[Image-text web data]
-- Opening Marker --

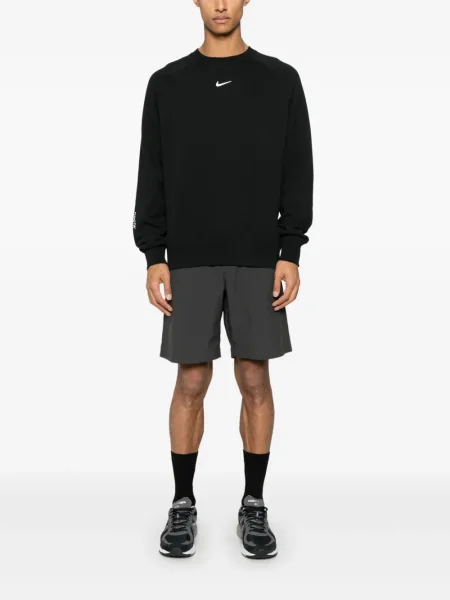 Sneakersy Nike Air Force 1 plisowane do tenisa żakardowe czarne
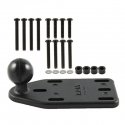 RAM Mounts Offset Reservoir Cover Ball Base RAM Mounts Offset Reservoir Cover Ball Base
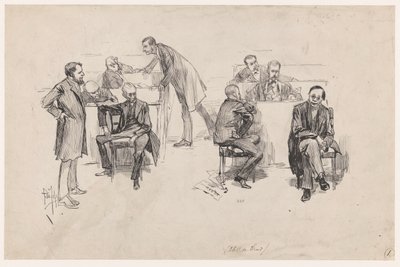 A Câmara dos Representantes durante o debate sobre a reforma constitucional em 1887 de Pieter de Josselin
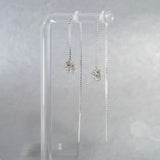 Earring Threads, Gold or Silver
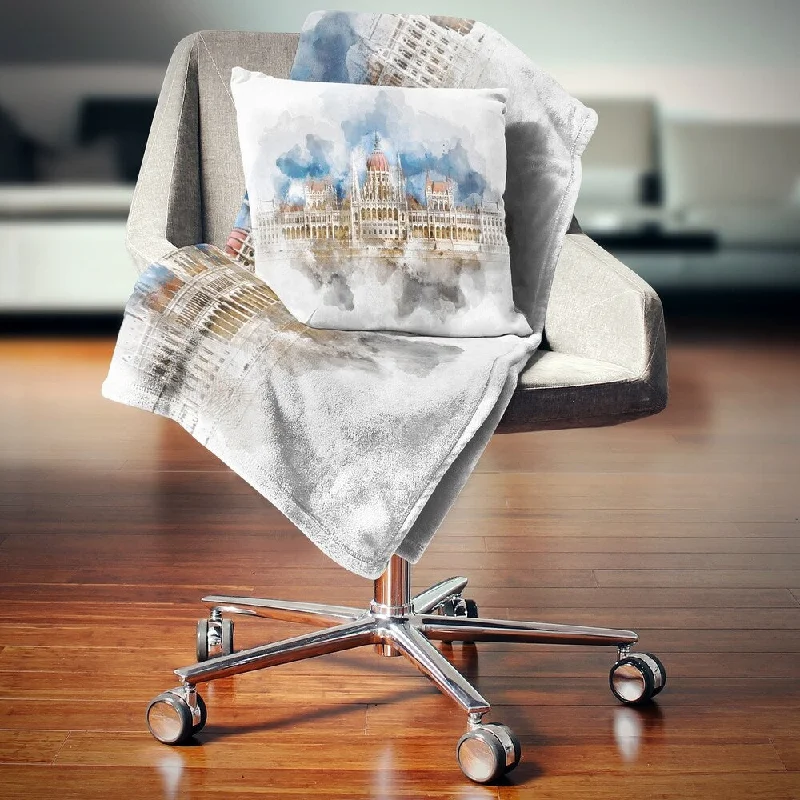 Designart 'Hungarian Parliament Building' Throw Blanket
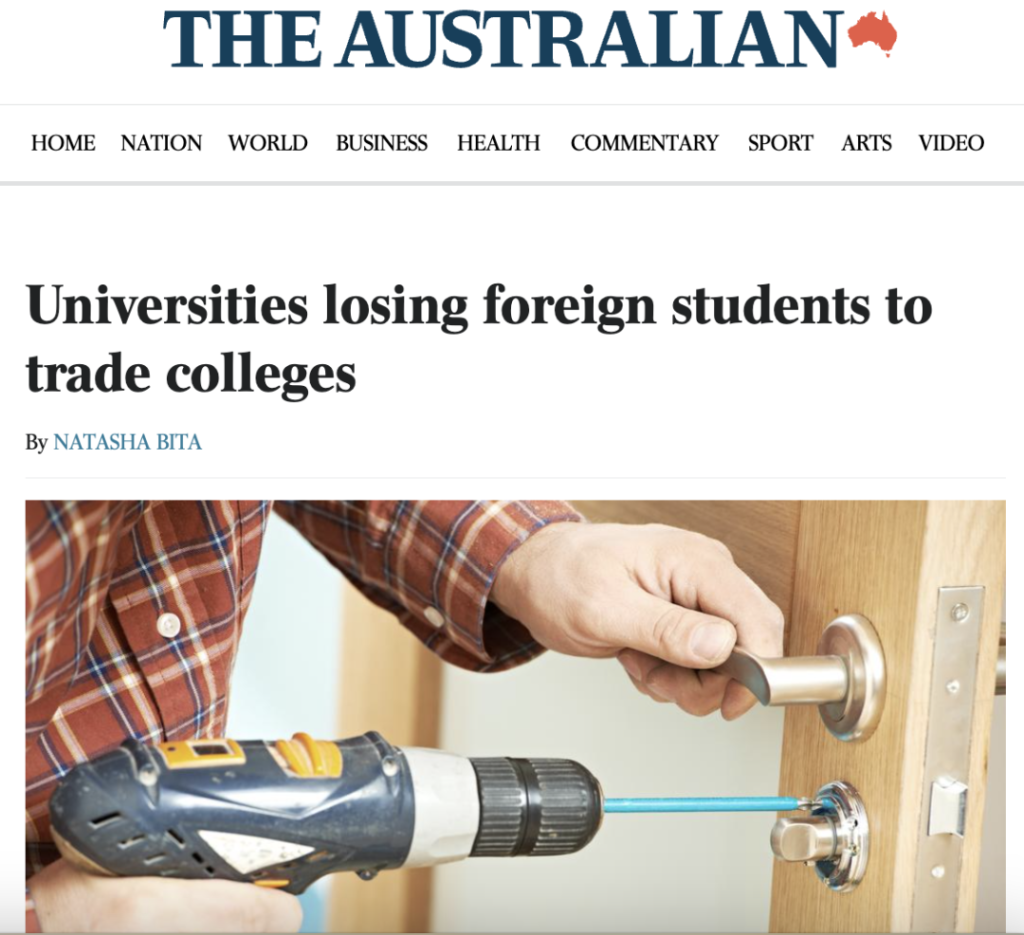 澳洲大量留学生放弃本科硕士学位去读职业学校！是阴谋还是移民之道？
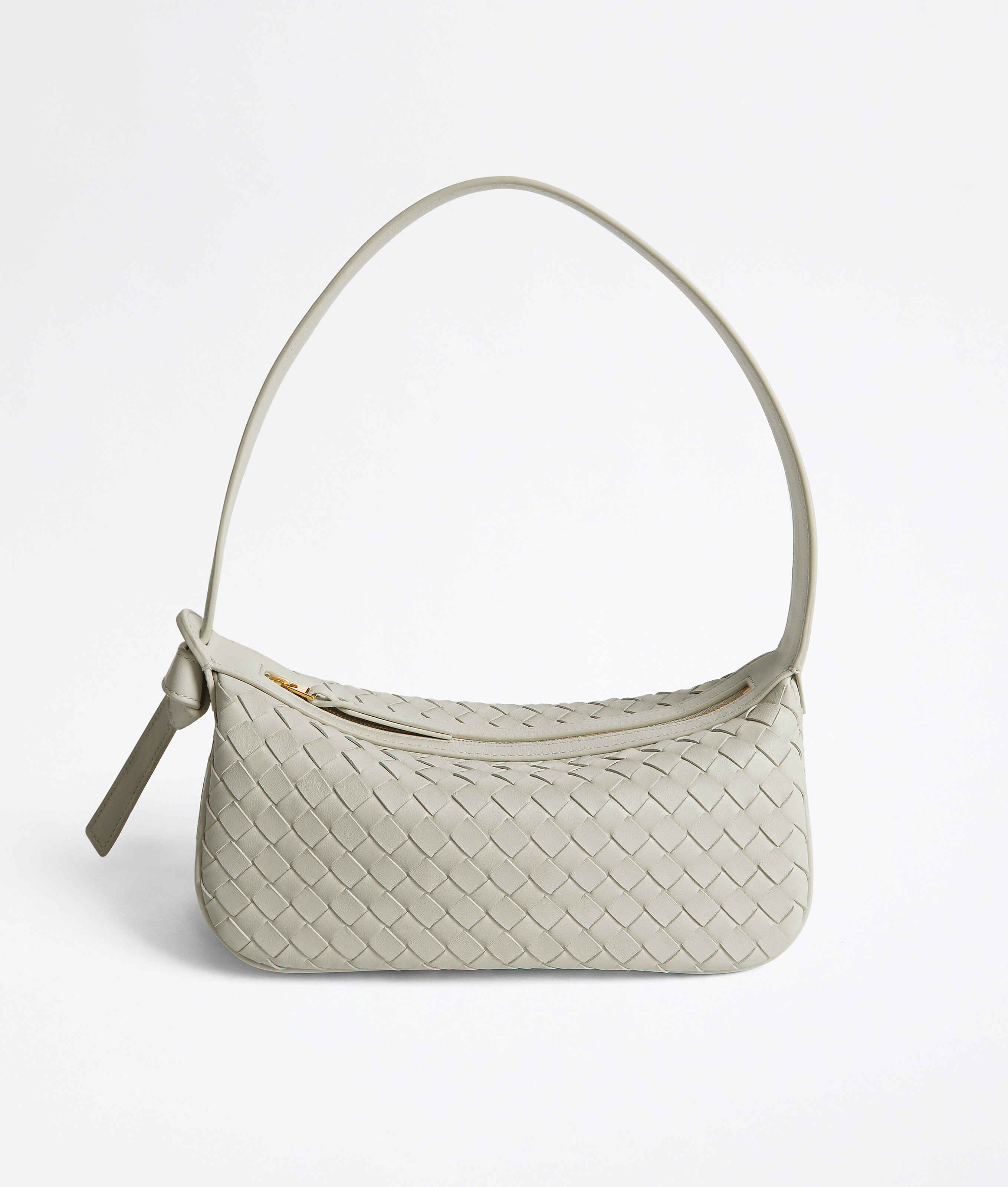 Women's Nodo Shoulder Bag in Silica gray Bottega Veneta Belgium EN - Image 1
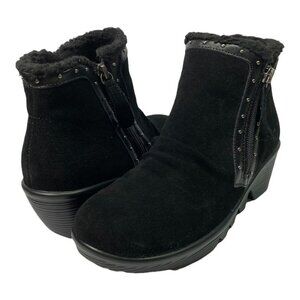 K2I3 Skechers Jumper Sweet Stud Sherpa Trim Bootie Women's 5M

-- Closing Marker --

Work instructions: The reply should hold the lines from the top of the records through the line containing "Women's Nodo Shoulder", reproduced exactly, and no pictures.

The completed task:
 Sneakersy Nike Air Force 1 plisowane do tenisa żakardowe czarne
 RAM Mounts Offset Reservoir Cover Ball Base RAM Mounts Offset Reservoir Cover Ball Base
 A Câmara dos Representantes durante o debate sobre a reforma constitucional em 1887 de Pieter de Josselin
 Earring Threads, Gold or Silver
 Designart 'Hungarian Parliament Building' Throw Blanket
 澳洲大量留学生放弃本科硕士学位去读职业学校！是阴谋还是移民之道？
 Women's Nodo Shoulder Bag in Silica gray Bottega Veneta Belgium EN - Image 1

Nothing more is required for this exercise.